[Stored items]
══════

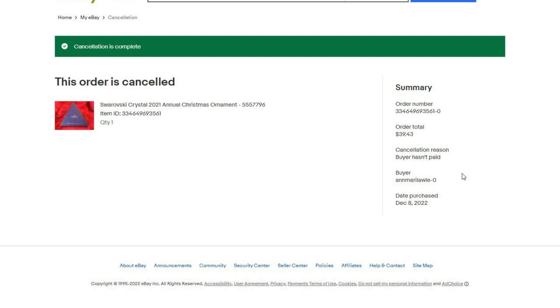She's going to get a non-paying bidder strike on her account for not paying. That will affect her ability to buy because a lot of people have set up in their settings that if someone's had a non-paying bidder strike within so many months, they can't buy from them.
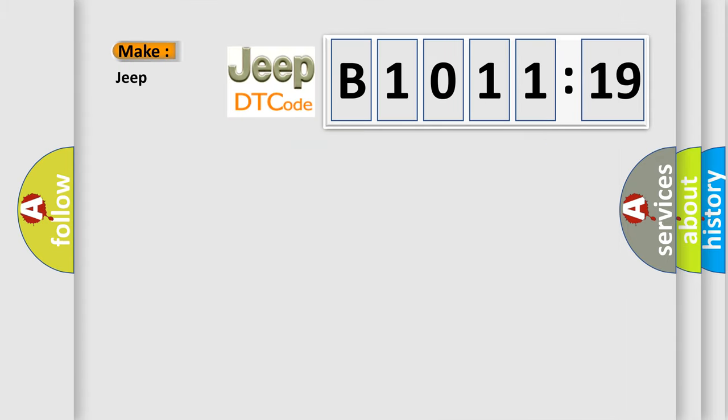So, what does the diagnostic trouble code B10119 interpret specifically?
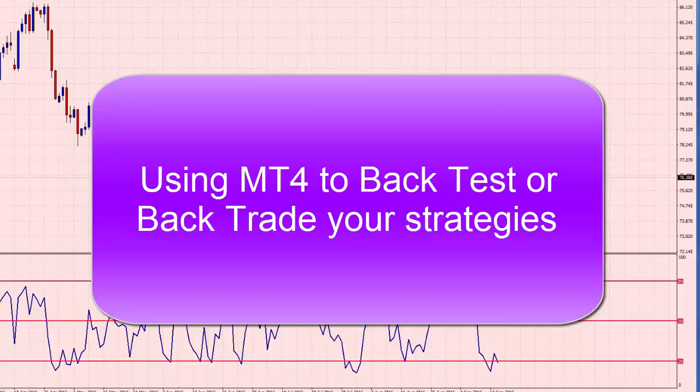Hi everybody, Alex Deploy here from Expert Forex. Today I'm going to make a quick video about a question I received about back testing Forex trading strategies on a manual basis using the MT4 chart.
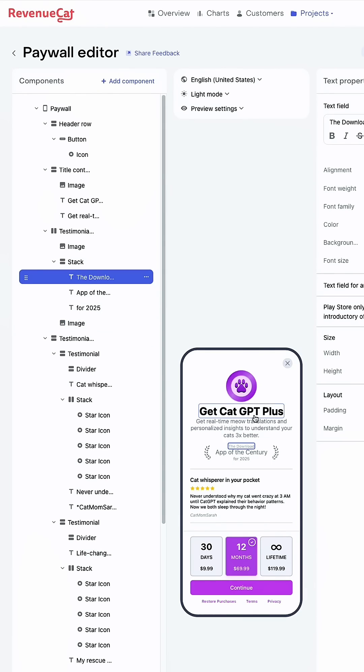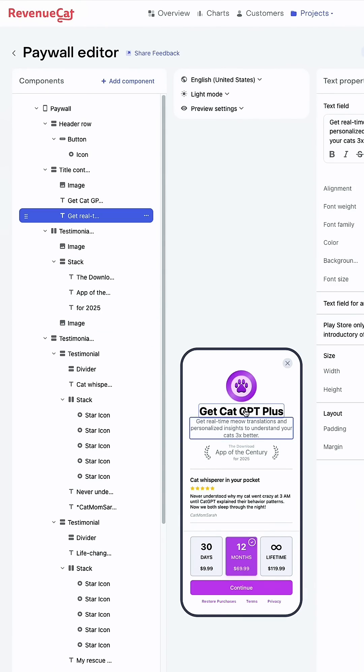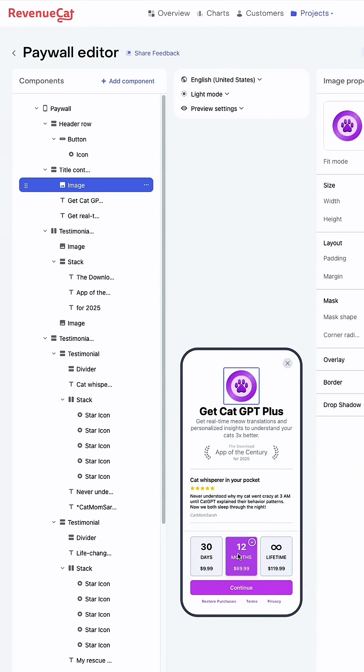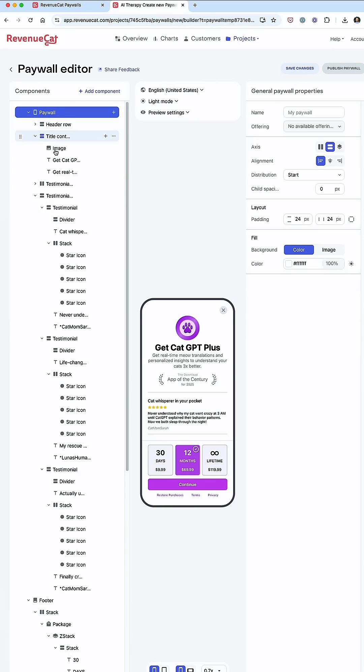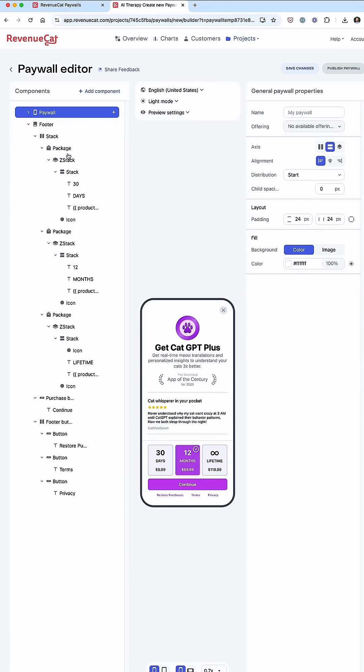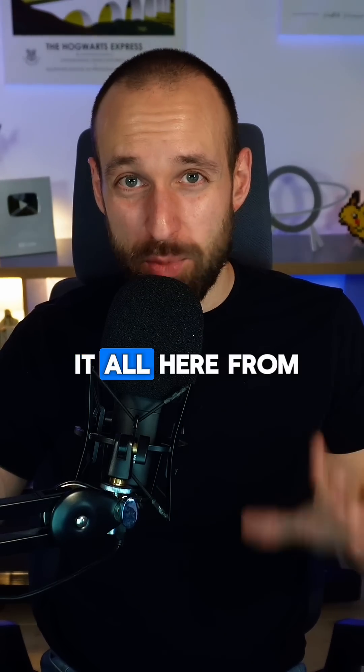In that editor I can then move around elements on the screen, I can change text, I can change images. I can customize pretty much everything about this page and I can do it all here from my web browser.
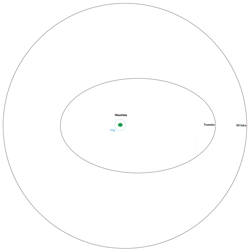Namaka was discovered on 30 June 2005 and announced on 29 November 2005. It was nicknamed Blitzen by the discovery team before being assigned an official name.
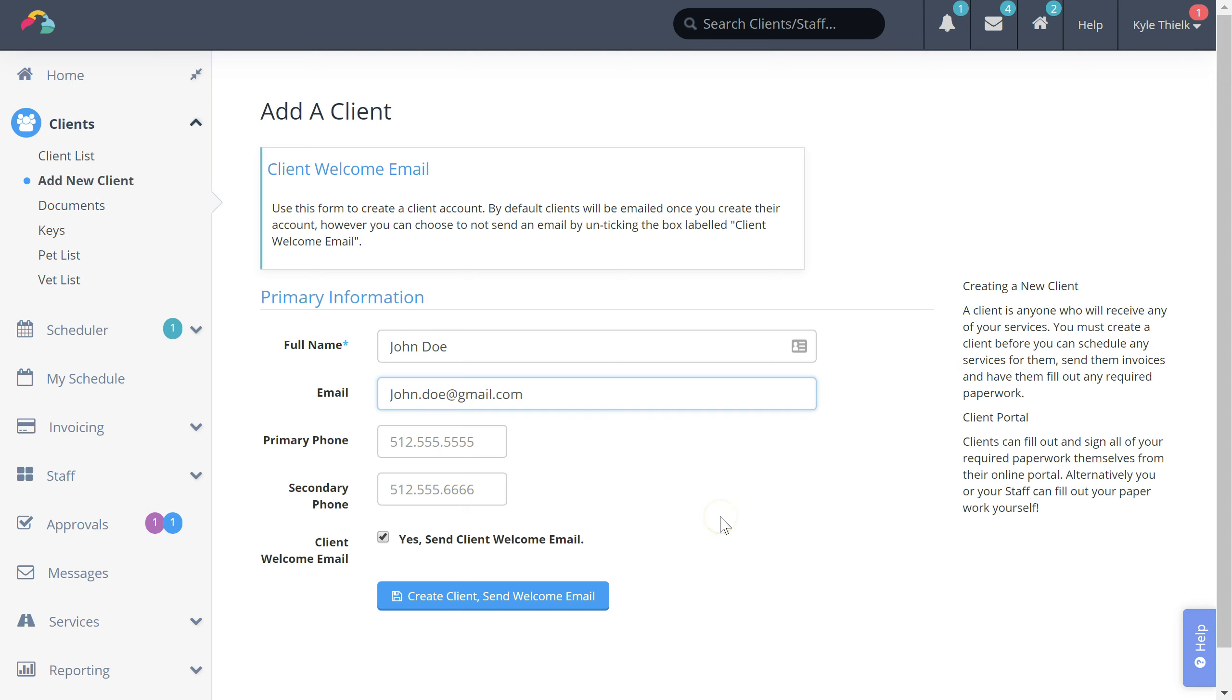If you'd like to skip sending that client welcome email, just uncheck the client welcome email checkbox and you can invite them to access their portal at a later point.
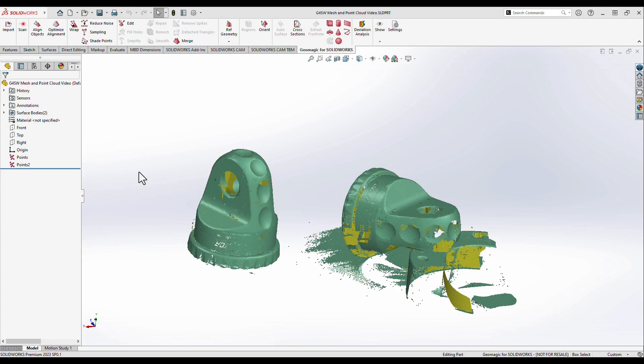The beginning of any scan-to-CAD workflow starts with creating and processing scan data. The Geomagic for SOLIDWORKS plugin has an excellent set of tools for processing different kinds of scan data into the mesh foundation needed for a successful reverse engineering project. It is worth noting that the Geomagic plugin even supports this workflow one step earlier, with the ability to scan directly into the software using many industry standard scanning devices.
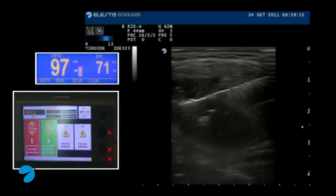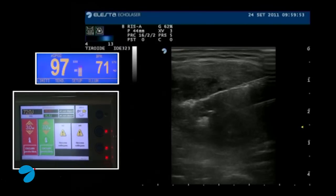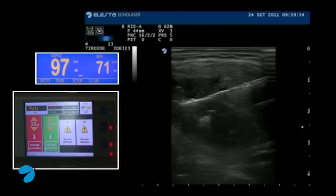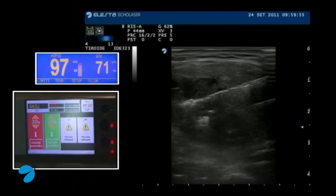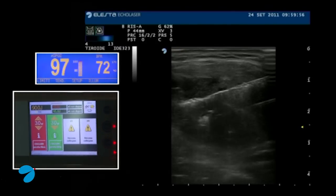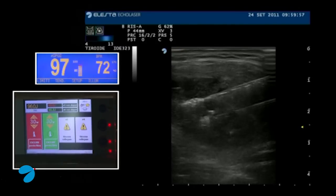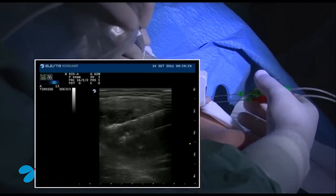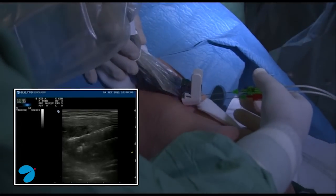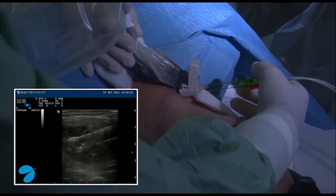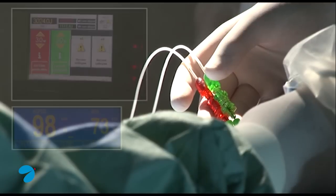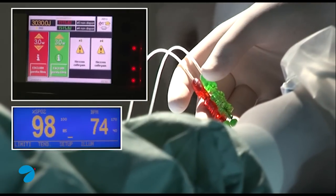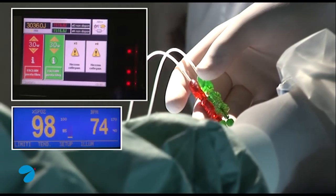Fibres are delivering energy into the nodule. We check vital parameters such as cardiac frequency and oxygen saturation. We check the energy delivered for each fibre.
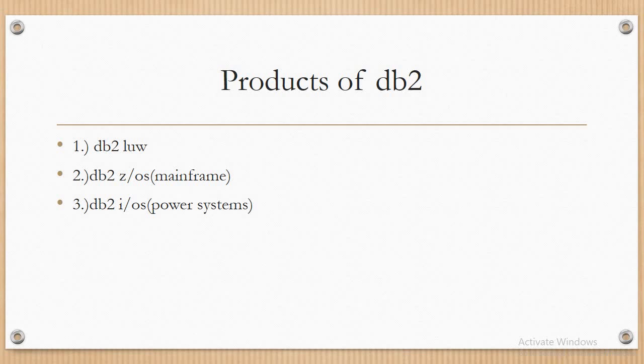So DB2 LUW is the one that is mostly used now in the organizations in the IT industries. LUW stands for Linux, UNIX, and Windows, and that is our main concentration in this lecture. We will continuously work on DB2 LUW. The next one is DB2 Z/OS, which is a mainframe.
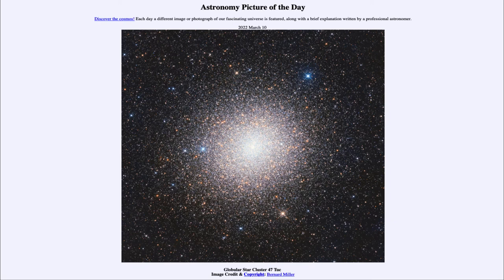So that was our picture of the day for March 10th of 2022, titled Globular Star Cluster 47 Tuck. We'll be back again tomorrow for the next picture, previewed to be a rainbow smiles — so we'll see what that is about tomorrow. Until then, have a great day everyone, and I will see you in class.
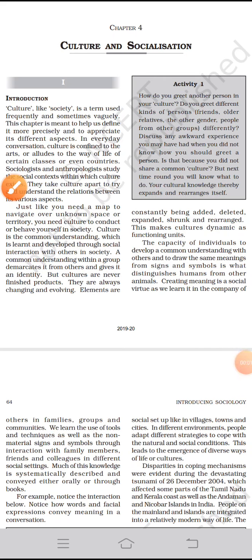Namashiva student, welcome to the class. In this class we will start a new chapter from the sociology textbook of class 11 and the chapter is Culture and Socialization.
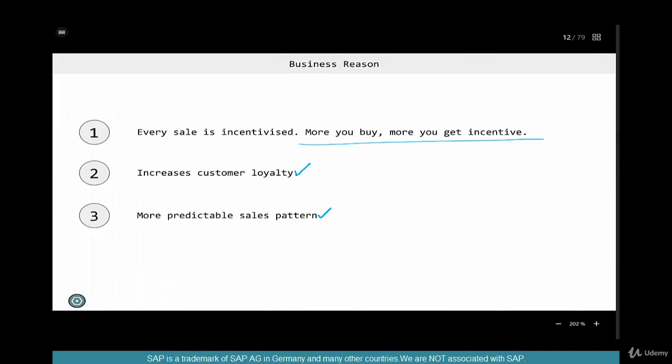In the next chapter, we'll start creating a rebate in SAP using standard configuration, and see examples of how accruals happen, how to do a partial settlement, final settlement, and manual accrual — all the key terms we have learned.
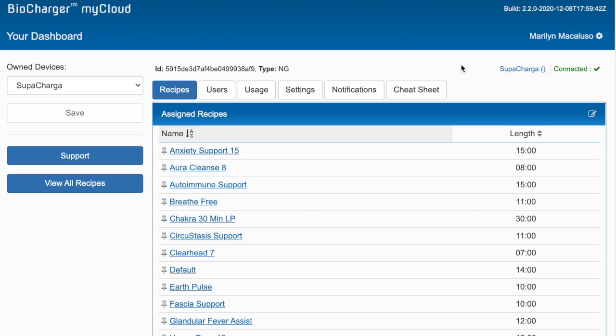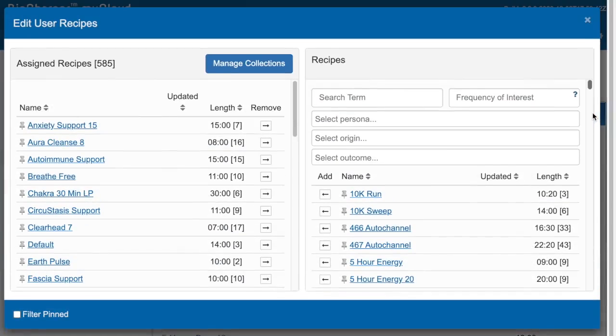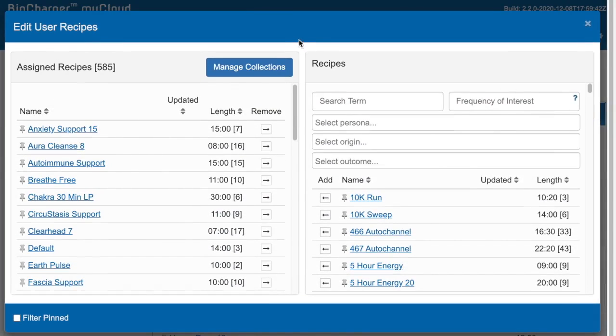In this video I will be showing you how to pin a recipe. First, go ahead and click on the add remove recipe icon here. And then say if you wanted to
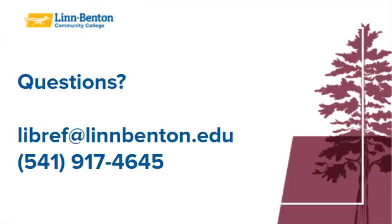That's Zotero Bib in a nutshell. If you have any problems or find sources that are hard to cite, contact the library reference desk to get help.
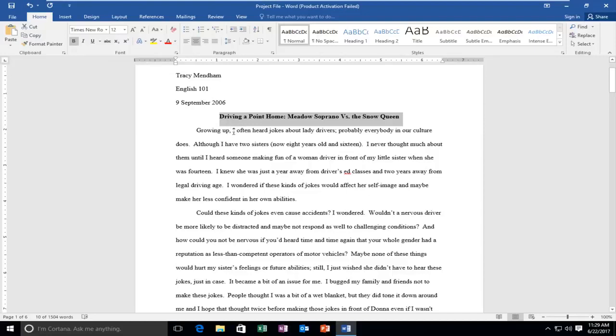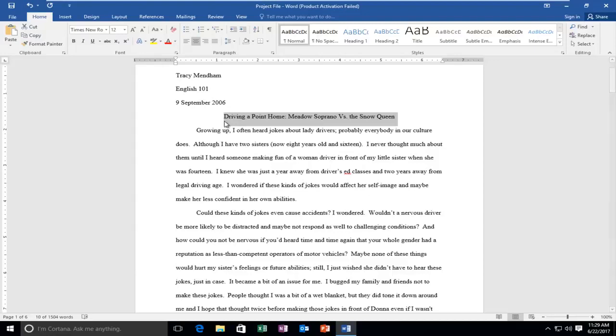If you want to unbold it, click on this box up here. You can also use the keyboard shortcut Ctrl and the B key at the same time, so Ctrl plus B. Just do a quick tap on those keys on your keyboard and you can see we can go back and forth between bold and unbold.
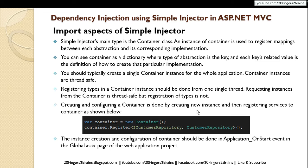Simple Injector's main type is the Container class. An instance of Container is used to register mappings between each abstraction and its corresponding implementation. You can think of the container like a dictionary or a bucket where you register your dependencies. The container is then responsible for creating objects and injecting those dependencies as you request them. The key is the abstraction type, and the value is the definition of how to create a particular implementation.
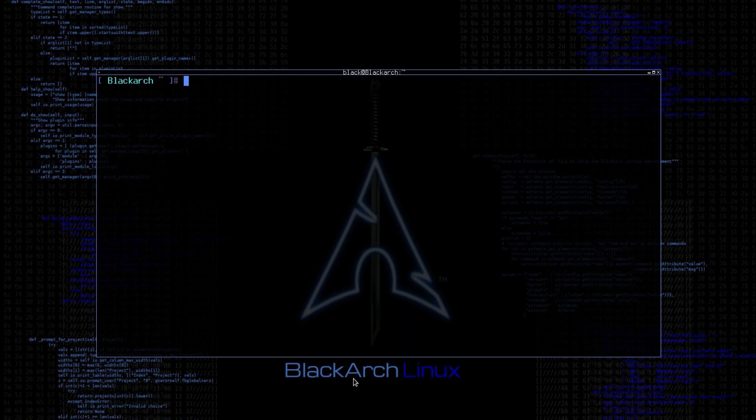Dimitri allows many types of searches against the target, which we will see in a moment. Now let's get started. Dimitri comes pre-installed with all penetration testing distributions, so we don't need to install it.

══════

_Work order_
Print nothing except the lines above from the one containing "In the next" down to the one containing "In this video", both included, exactly as written and free of pictures.

_Solution to this task_
In the next chapter, we'll start creating a rebate in SAP using standard configuration, and see examples of how accruals happen, how to do a partial settlement, final settlement, and manual accrual — all the key terms we have learned.
In this video I will be showing you how to pin a recipe. First, go ahead and click on the add remove recipe icon here. And then say if you wanted to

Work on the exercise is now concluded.